- _THE PROBLEM_
For this exercise, write out the full listing that follows exactly and skip its pictures.

- _INFORMATION_
=== Section Start ===
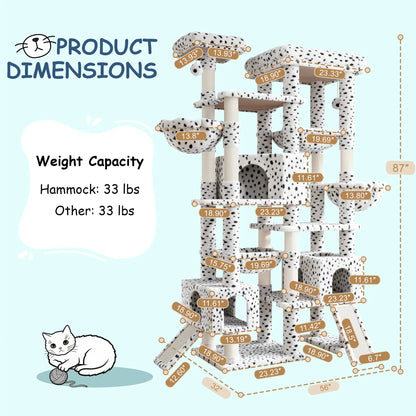 SHA CERLIN 87" Multi-Level Cat Tree Tower - Heavy Duty Indoor Condo for Large Cats and Kittens with Plush Activity Center, Sisal Scratching Posts, and Hammocks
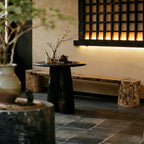 Minimalist Wabi-Sabi Entryway Bench in Solid Timber with Integrated Side Table Stump
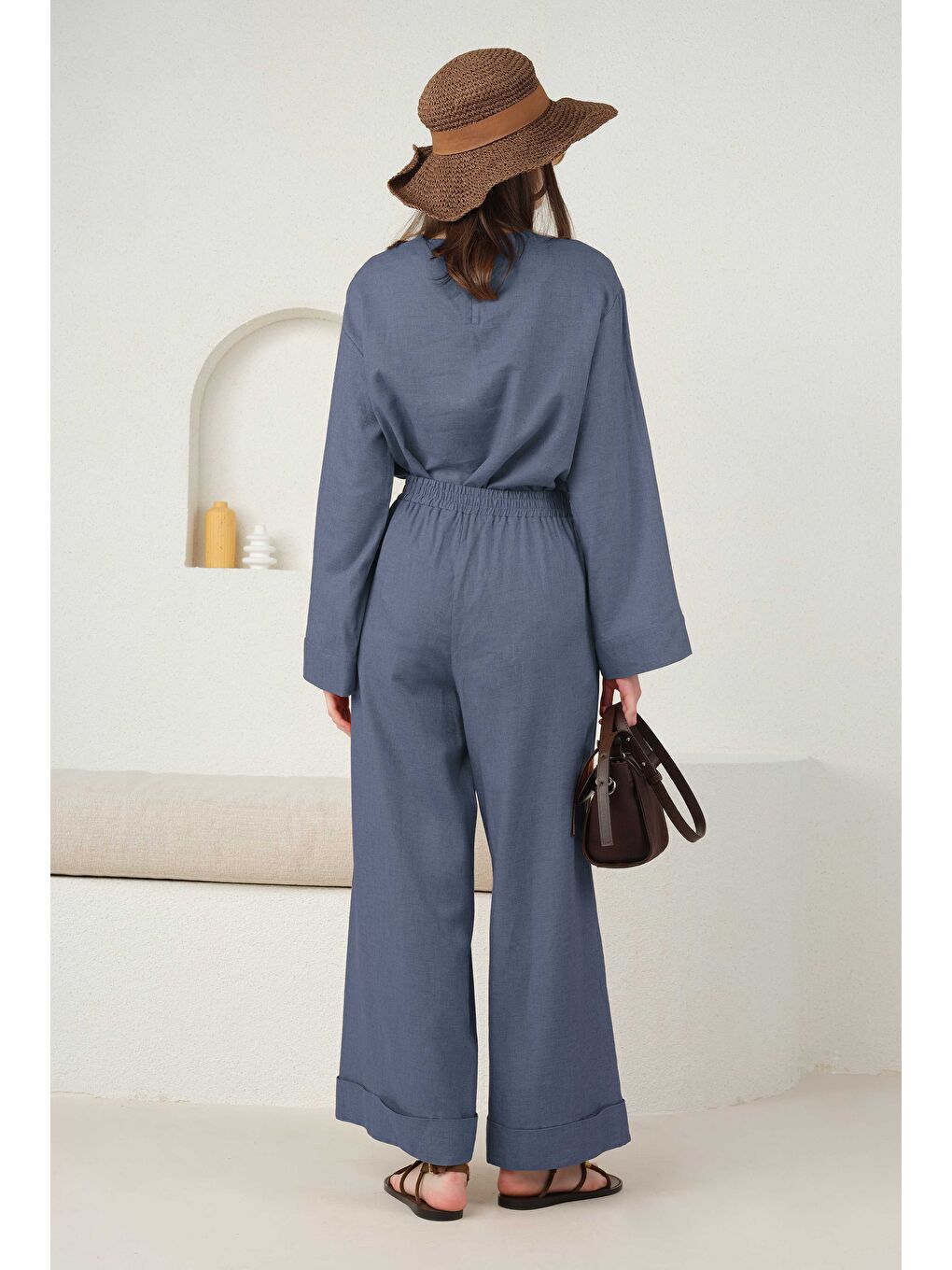 Keten Bol Paça Pantolon Jean Mavi-2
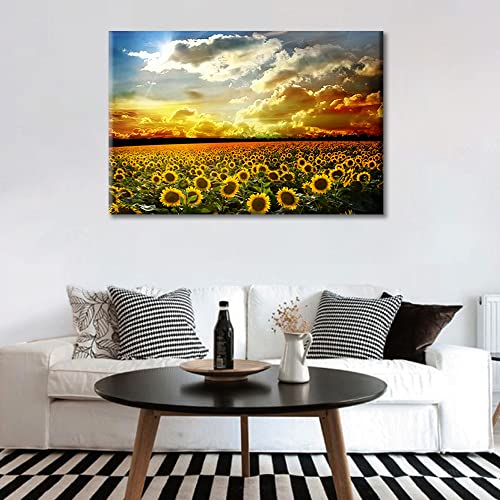 Sunflower Canvas Wall Art Prints Sunflower Paintings Printed on Canvas Framed and Stretched Floral Home Wall Decor Living Room Office Hotel Canvas Wall Art 16x24inch (40x60cm)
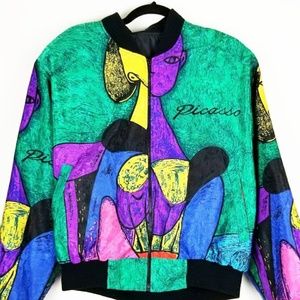 RARE 1980's Pablo Picasso Silk Bomber Jacket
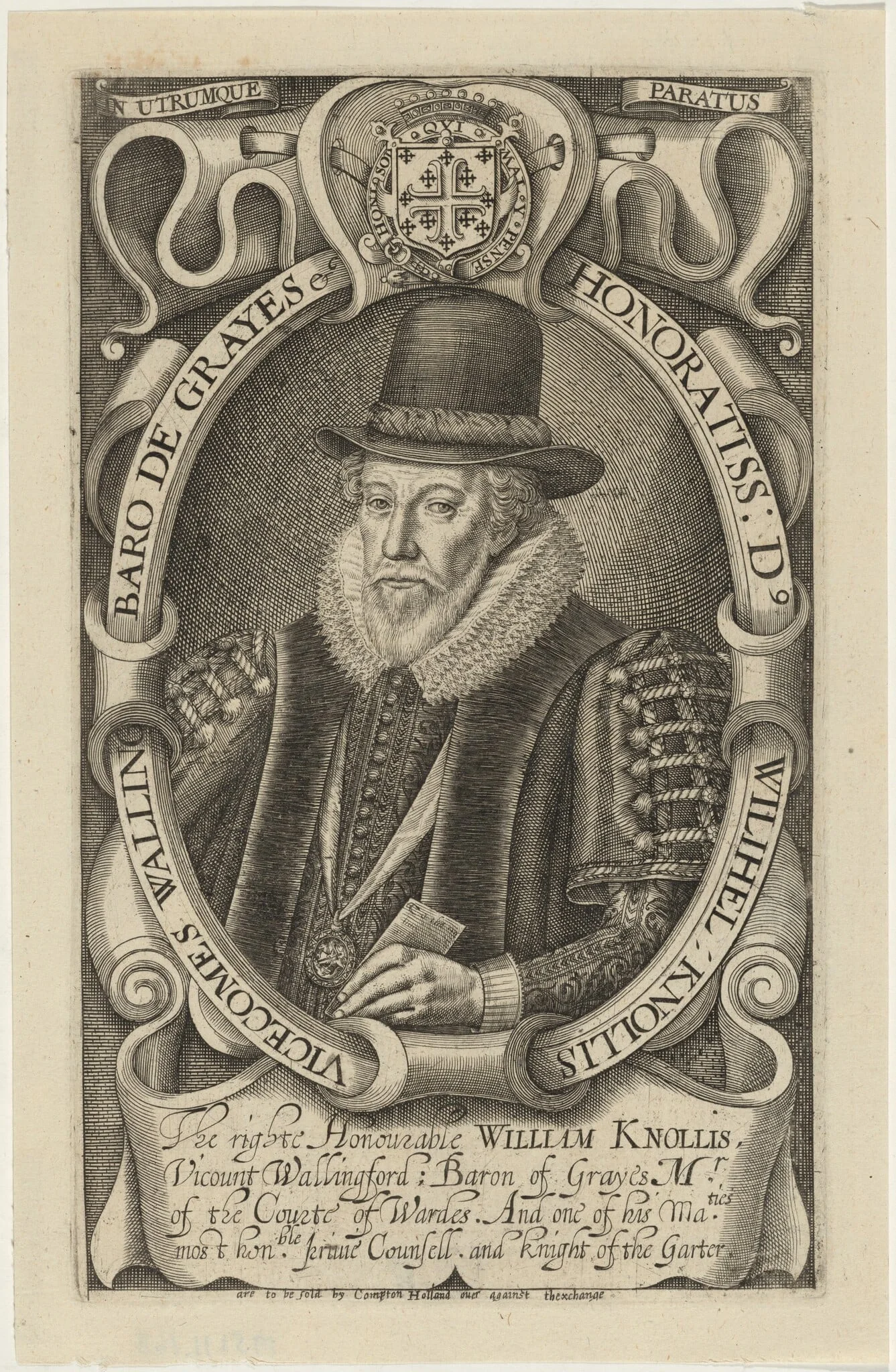 William Knollis, Earl of Banbury, When Viscount Wallingford, by Simon van de Passe, ink, 1621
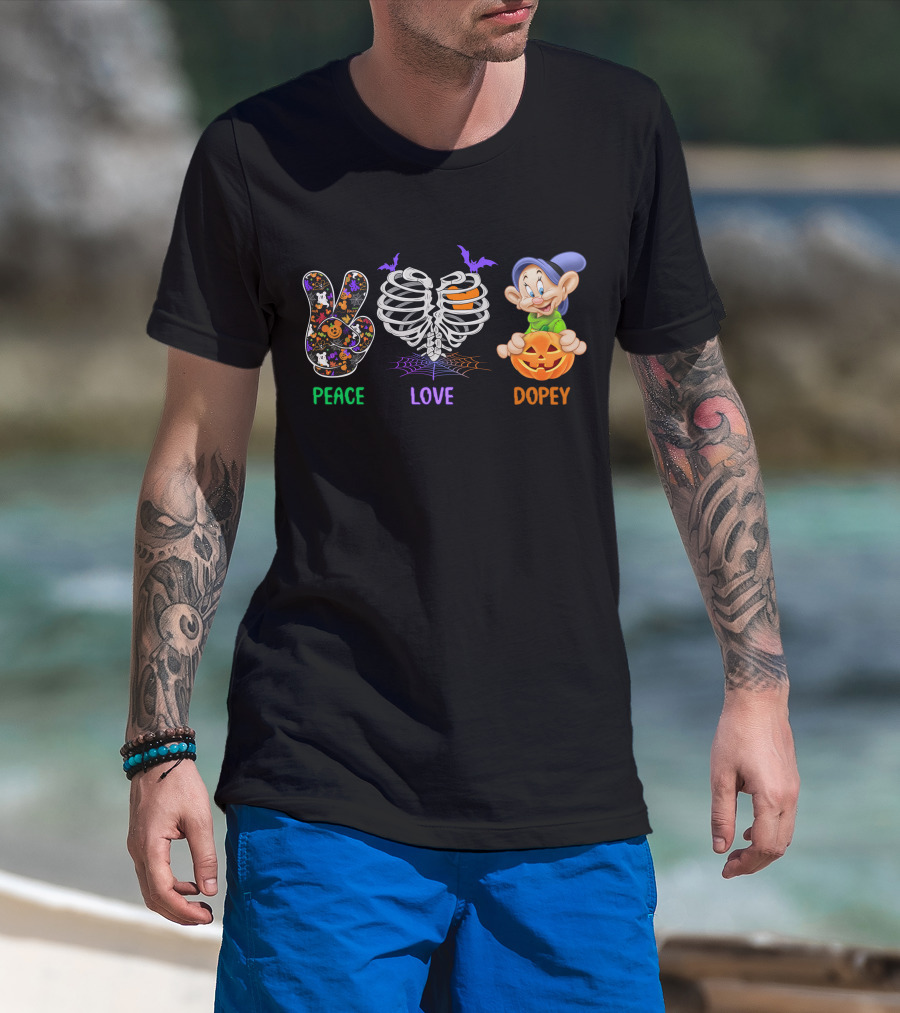 Peace Love Dopey Halloween Skeleton Pumpkin T-Shirt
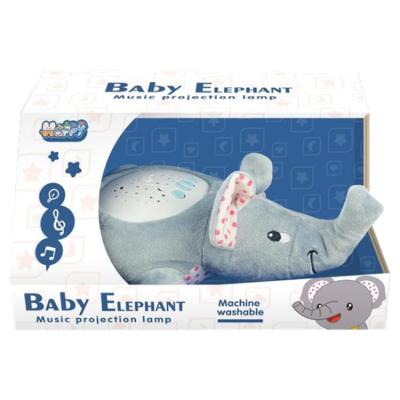 China Hot Selling Plush Elephant Plush Stuffed Night Glowing Light Toy Projector For Kid for sale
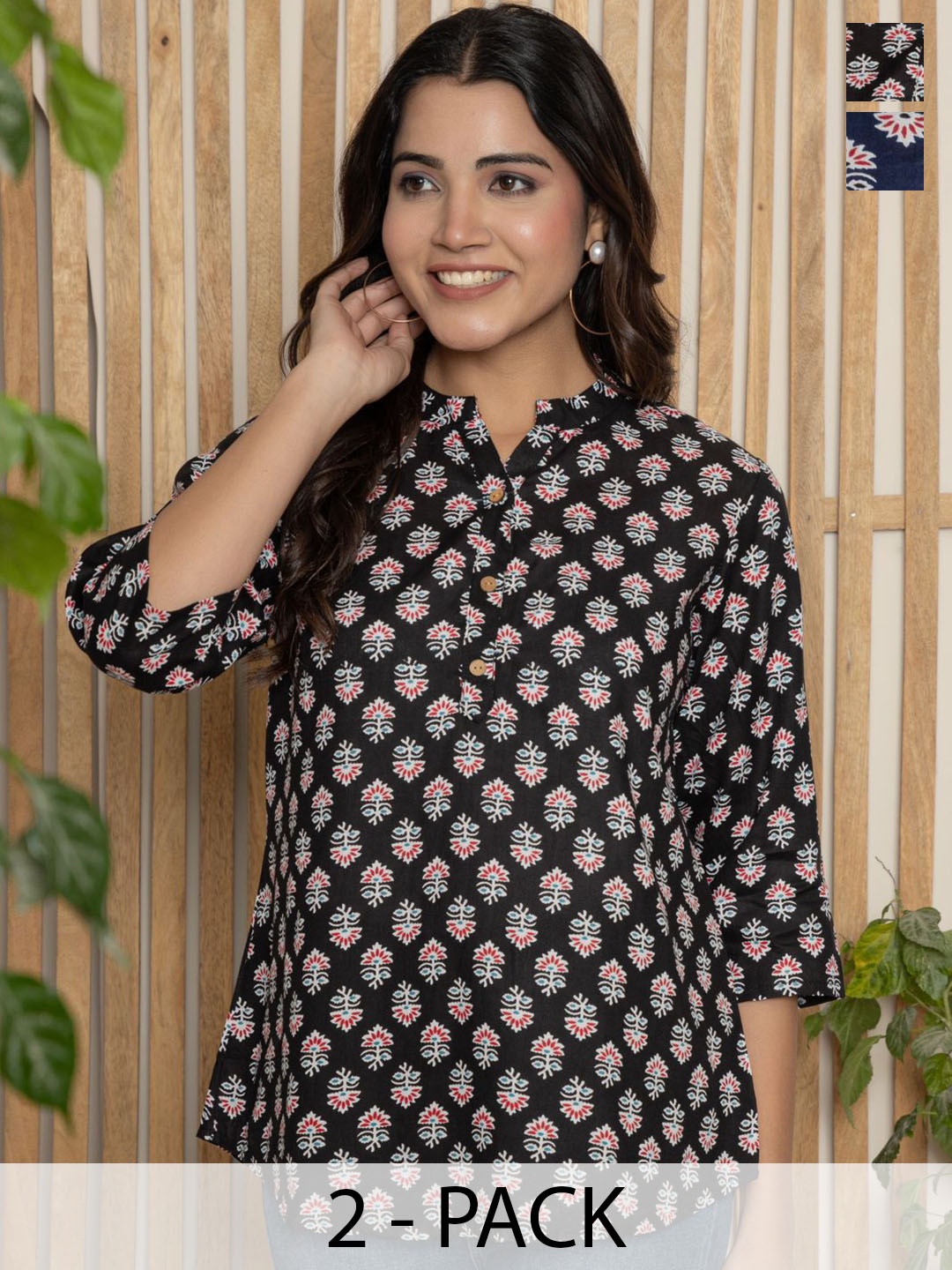 Samhitas Selection of 2 Floral Printed Mandarin Collar Pure Cotton Short Kurtas, Black
Samhitas Selection of 2 Floral Printed Mandarin Collar Pure Cotton Short Kurtas, Black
=== Section End ===
- _WRITTEN ANSWER_
 SHA CERLIN 87" Multi-Level Cat Tree Tower - Heavy Duty Indoor Condo for Large Cats and Kittens with Plush Activity Center, Sisal Scratching Posts, and Hammocks
 Minimalist Wabi-Sabi Entryway Bench in Solid Timber with Integrated Side Table Stump
 Keten Bol Paça Pantolon Jean Mavi-2
 Sunflower Canvas Wall Art Prints Sunflower Paintings Printed on Canvas Framed and Stretched Floral Home Wall Decor Living Room Office Hotel Canvas Wall Art 16x24inch (40x60cm)
 RARE 1980's Pablo Picasso Silk Bomber Jacket
 William Knollis, Earl of Banbury, When Viscount Wallingford, by Simon van de Passe, ink, 1621
 Peace Love Dopey Halloween Skeleton Pumpkin T-Shirt
 China Hot Selling Plush Elephant Plush Stuffed Night Glowing Light Toy Projector For Kid for sale
 Samhitas Selection of 2 Floral Printed Mandarin Collar Pure Cotton Short Kurtas, Black
Samhitas Selection of 2 Floral Printed Mandarin Collar Pure Cotton Short Kurtas, Black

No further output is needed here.